Systemic serotonin inhibits brown adipose tissue sympathetic nerve activity via a GABA input to the dorsomedial hypothalamus, not via 5HT1A receptor activation in raphe pallidus

Affiliations

Systemic serotonin inhibits brown adipose tissue sympathetic nerve activity via a GABA input to the dorsomedial hypothalamus, not via 5HT1A receptor activation in raphe pallidus

Clarissa M D Mota et al. Acta Physiol (Oxf). 2020 Mar.

Abstract

Aim: Serotonin (5-hydroxytryptamine, 5-HT), an important neurotransmitter and hormone, modulates many physiological functions including body temperature. We investigated neural mechanisms involved in the inhibition of brown adipose tissue (BAT) sympathetic nerve activity (SNA) and BAT thermogenesis evoked by 5-HT.

Methods: Electrophysiological recordings, intravenous (iv) injections and nanoinjections in the brains of anaesthetized rats.

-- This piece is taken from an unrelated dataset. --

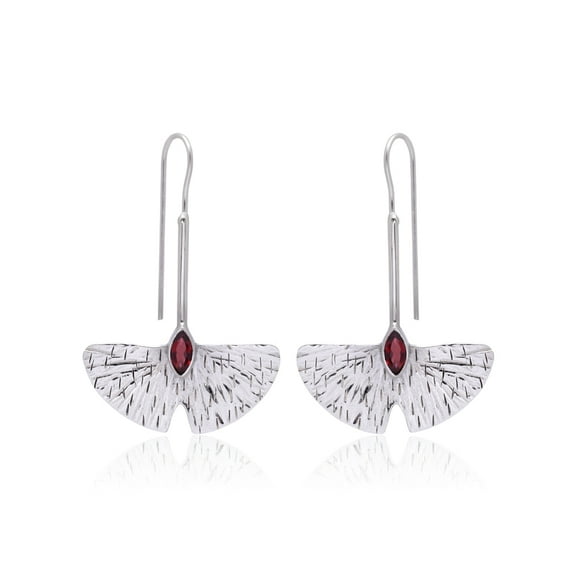 Silver Carving Garnet Earring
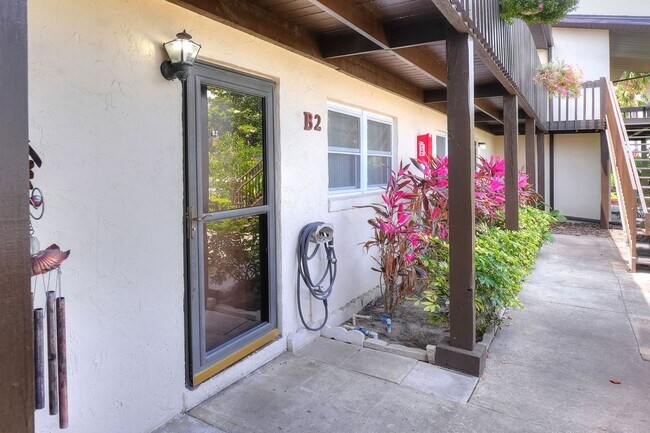 Foto del edificio - 2-Bedroom, 1-Bathroom Condo in Winter Haven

Results: Cooling-evoked increases in BAT SNA were inhibited by the intra-rostral raphé pallidus (rRPa) and the iv administration of the 5-HT1A receptor agonist, 8-OH-DPAT or 5-HT. The intra-rRPa 5-HT, the intra-rRPa and the iv 8-OH-DPAT, but not the iv 5-HT-induced inhibition of BAT SNA were prevented by nanoinjection of a 5-HT1A receptor antagonist in the rRPa. The increase in BAT SNA evoked by nanoinjection of NMDA in the rRPa was not inhibited by iv 5-HT, indicating that iv 5-HT does not inhibit BAT SNA by acting in the rRPa or in the sympathetic pathway distal to the rRPa. In contrast, under a warm condition, blockade of 5HT1A receptors in the rRPa increased BAT SNA and BAT thermogenesis, suggesting that endogenous 5-HT in the rRPa contributes to the suppression of BAT SNA and BAT thermogenesis. The increases in BAT SNA and BAT thermogenesis evoked by nanoinjection of NMDA in the dorsomedial hypothalamus (DMH) were inhibited by iv 5-HT, but those following bicuculline nanoinjection in the DMH were not inhibited.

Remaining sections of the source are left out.